[Data segment]

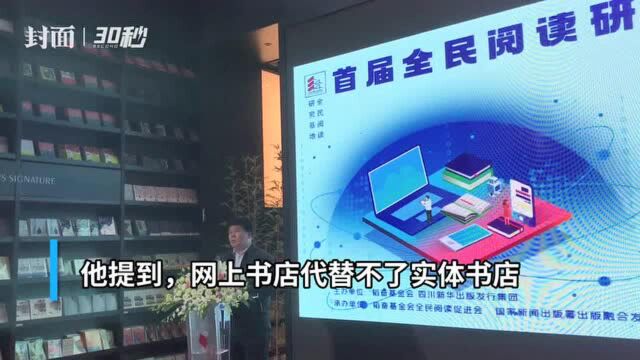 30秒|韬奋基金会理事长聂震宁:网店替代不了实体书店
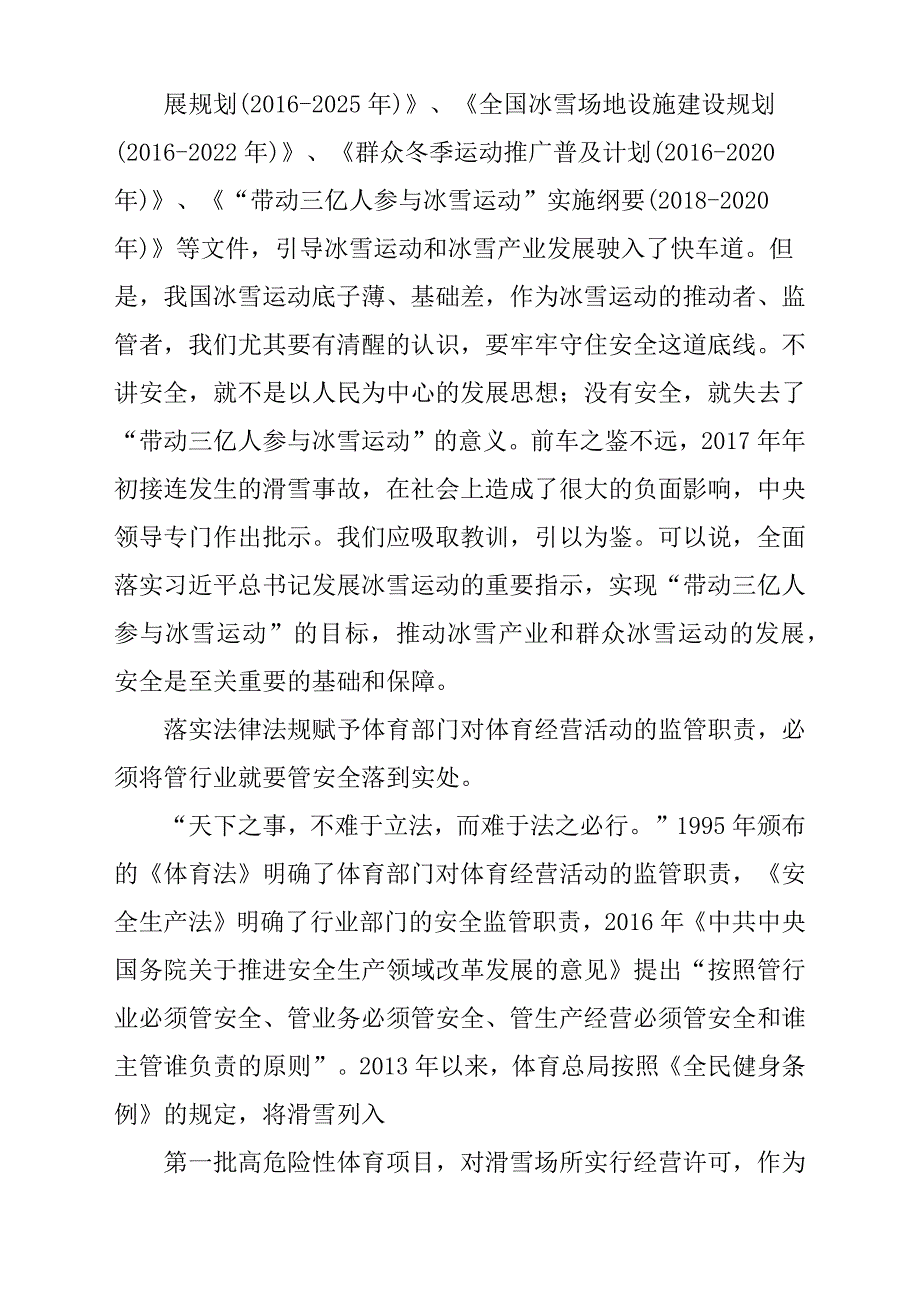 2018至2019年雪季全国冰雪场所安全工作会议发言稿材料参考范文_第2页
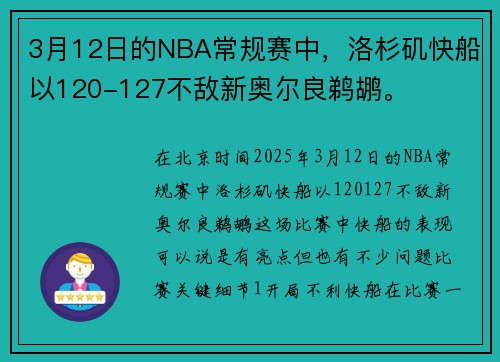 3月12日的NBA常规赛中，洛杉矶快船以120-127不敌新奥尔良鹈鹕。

[/Data segment]

Exercise description:
Repeat the whole listing above word for word, but keep any picture out of it.

Answer to the problem:
 30秒|韬奋基金会理事长聂震宁:网店替代不了实体书店
 2018至2019年雪季全国冰雪场所安全工作会议发言稿材料参考范文_第2页
 3月12日的NBA常规赛中，洛杉矶快船以120-127不敌新奥尔良鹈鹕。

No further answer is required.